• _WHAT THE TASK REQUIRES_: Give again, word for word, every line below from the one that has "2ct Natural F" through the one that has "Bon Voyage Modern", both included, and no others.

• _SUPPLIED DATA_:
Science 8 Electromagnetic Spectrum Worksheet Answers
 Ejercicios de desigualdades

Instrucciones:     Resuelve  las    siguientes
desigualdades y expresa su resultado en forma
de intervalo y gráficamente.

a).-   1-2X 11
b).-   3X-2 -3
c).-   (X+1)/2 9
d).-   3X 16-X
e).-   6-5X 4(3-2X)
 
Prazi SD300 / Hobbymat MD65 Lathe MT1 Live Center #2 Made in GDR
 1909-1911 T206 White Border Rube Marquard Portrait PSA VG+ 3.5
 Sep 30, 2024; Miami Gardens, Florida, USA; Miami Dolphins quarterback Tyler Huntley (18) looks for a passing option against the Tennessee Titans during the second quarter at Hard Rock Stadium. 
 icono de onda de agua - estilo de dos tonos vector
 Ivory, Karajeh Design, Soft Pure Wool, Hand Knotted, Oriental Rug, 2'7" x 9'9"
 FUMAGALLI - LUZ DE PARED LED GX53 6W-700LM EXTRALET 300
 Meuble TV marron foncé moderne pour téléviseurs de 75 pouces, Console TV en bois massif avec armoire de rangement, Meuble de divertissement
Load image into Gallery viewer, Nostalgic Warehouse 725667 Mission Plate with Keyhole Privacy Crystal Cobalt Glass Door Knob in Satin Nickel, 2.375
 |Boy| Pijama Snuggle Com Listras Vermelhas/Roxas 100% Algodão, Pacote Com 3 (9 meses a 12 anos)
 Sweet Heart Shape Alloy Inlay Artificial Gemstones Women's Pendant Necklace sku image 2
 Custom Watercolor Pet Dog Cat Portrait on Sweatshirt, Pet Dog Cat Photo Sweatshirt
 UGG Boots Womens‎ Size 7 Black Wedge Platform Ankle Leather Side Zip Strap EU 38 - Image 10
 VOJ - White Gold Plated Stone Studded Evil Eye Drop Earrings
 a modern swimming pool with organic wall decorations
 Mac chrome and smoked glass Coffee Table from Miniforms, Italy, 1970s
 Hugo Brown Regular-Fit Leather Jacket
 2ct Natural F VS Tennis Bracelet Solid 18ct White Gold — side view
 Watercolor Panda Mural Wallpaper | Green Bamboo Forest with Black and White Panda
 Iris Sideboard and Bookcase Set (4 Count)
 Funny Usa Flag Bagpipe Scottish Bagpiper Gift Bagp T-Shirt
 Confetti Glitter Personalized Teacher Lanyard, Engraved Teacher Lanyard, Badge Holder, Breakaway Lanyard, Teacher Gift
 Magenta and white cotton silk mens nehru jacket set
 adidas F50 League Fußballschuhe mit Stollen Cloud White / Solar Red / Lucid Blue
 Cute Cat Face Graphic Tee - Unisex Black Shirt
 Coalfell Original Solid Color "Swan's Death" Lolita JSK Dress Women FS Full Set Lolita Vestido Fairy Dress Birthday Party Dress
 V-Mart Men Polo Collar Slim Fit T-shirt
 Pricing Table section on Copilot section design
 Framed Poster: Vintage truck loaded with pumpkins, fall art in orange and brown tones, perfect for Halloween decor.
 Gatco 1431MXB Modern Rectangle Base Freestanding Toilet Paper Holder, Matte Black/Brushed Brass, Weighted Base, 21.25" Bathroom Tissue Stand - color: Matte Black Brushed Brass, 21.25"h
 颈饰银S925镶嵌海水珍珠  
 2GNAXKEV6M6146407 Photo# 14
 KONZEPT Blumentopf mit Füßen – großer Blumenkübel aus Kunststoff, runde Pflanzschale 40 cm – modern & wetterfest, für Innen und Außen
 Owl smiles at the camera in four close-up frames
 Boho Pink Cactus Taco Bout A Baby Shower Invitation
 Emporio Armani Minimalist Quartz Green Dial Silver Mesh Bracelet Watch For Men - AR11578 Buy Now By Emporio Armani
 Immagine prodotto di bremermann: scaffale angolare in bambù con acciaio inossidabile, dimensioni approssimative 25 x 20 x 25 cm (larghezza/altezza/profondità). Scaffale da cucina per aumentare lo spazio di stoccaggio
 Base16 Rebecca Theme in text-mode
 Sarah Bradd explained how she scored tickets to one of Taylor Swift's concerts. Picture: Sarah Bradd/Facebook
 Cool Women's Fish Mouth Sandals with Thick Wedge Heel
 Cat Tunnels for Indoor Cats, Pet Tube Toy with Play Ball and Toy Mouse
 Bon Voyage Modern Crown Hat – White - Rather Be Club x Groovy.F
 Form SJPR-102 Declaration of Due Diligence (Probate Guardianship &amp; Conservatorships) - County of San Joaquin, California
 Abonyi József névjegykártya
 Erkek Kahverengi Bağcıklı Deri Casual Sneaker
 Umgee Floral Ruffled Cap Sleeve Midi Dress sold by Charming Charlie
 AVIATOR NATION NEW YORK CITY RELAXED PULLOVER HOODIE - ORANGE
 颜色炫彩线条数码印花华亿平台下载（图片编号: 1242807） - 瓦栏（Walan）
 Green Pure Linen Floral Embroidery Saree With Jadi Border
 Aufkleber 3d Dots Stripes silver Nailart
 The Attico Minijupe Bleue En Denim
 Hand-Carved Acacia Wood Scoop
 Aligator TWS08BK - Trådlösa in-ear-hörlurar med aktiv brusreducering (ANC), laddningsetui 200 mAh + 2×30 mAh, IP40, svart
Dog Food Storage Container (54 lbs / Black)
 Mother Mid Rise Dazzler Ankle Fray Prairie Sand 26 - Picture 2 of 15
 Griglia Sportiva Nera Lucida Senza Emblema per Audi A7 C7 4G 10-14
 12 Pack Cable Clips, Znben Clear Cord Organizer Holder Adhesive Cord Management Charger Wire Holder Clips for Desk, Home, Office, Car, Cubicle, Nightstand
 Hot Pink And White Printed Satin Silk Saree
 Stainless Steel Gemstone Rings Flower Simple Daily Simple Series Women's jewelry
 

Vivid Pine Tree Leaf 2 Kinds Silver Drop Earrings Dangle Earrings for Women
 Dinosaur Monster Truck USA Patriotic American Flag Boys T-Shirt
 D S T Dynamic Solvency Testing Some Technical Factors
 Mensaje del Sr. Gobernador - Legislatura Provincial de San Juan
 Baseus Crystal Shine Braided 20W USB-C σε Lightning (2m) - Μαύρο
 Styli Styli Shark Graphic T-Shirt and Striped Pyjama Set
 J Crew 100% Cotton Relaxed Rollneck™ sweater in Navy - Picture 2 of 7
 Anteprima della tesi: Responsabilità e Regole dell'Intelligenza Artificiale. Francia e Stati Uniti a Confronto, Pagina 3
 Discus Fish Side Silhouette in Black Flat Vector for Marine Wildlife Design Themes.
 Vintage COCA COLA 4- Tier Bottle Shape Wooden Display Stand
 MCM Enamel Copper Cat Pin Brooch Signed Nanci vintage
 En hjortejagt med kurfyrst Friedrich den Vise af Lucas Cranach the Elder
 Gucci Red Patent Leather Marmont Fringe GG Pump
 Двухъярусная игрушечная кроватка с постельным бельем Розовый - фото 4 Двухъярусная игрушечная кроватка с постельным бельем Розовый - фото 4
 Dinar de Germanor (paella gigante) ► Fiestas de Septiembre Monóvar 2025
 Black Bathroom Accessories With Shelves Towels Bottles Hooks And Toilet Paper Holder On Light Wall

• _EXERCISE SOLUTION_:
 2ct Natural F VS Tennis Bracelet Solid 18ct White Gold — side view
 Watercolor Panda Mural Wallpaper | Green Bamboo Forest with Black and White Panda
 Iris Sideboard and Bookcase Set (4 Count)
 Funny Usa Flag Bagpipe Scottish Bagpiper Gift Bagp T-Shirt
 Confetti Glitter Personalized Teacher Lanyard, Engraved Teacher Lanyard, Badge Holder, Breakaway Lanyard, Teacher Gift
 Magenta and white cotton silk mens nehru jacket set
 adidas F50 League Fußballschuhe mit Stollen Cloud White / Solar Red / Lucid Blue
 Cute Cat Face Graphic Tee - Unisex Black Shirt
 Coalfell Original Solid Color "Swan's Death" Lolita JSK Dress Women FS Full Set Lolita Vestido Fairy Dress Birthday Party Dress
 V-Mart Men Polo Collar Slim Fit T-shirt
 Pricing Table section on Copilot section design
 Framed Poster: Vintage truck loaded with pumpkins, fall art in orange and brown tones, perfect for Halloween decor.
 Gatco 1431MXB Modern Rectangle Base Freestanding Toilet Paper Holder, Matte Black/Brushed Brass, Weighted Base, 21.25" Bathroom Tissue Stand - color: Matte Black Brushed Brass, 21.25"h
 颈饰银S925镶嵌海水珍珠  
 2GNAXKEV6M6146407 Photo# 14
 KONZEPT Blumentopf mit Füßen – großer Blumenkübel aus Kunststoff, runde Pflanzschale 40 cm – modern & wetterfest, für Innen und Außen
 Owl smiles at the camera in four close-up frames
 Boho Pink Cactus Taco Bout A Baby Shower Invitation
 Emporio Armani Minimalist Quartz Green Dial Silver Mesh Bracelet Watch For Men - AR11578 Buy Now By Emporio Armani
 Immagine prodotto di bremermann: scaffale angolare in bambù con acciaio inossidabile, dimensioni approssimative 25 x 20 x 25 cm (larghezza/altezza/profondità). Scaffale da cucina per aumentare lo spazio di stoccaggio
 Base16 Rebecca Theme in text-mode
 Sarah Bradd explained how she scored tickets to one of Taylor Swift's concerts. Picture: Sarah Bradd/Facebook
 Cool Women's Fish Mouth Sandals with Thick Wedge Heel
 Cat Tunnels for Indoor Cats, Pet Tube Toy with Play Ball and Toy Mouse
 Bon Voyage Modern Crown Hat – White - Rather Be Club x Groovy.F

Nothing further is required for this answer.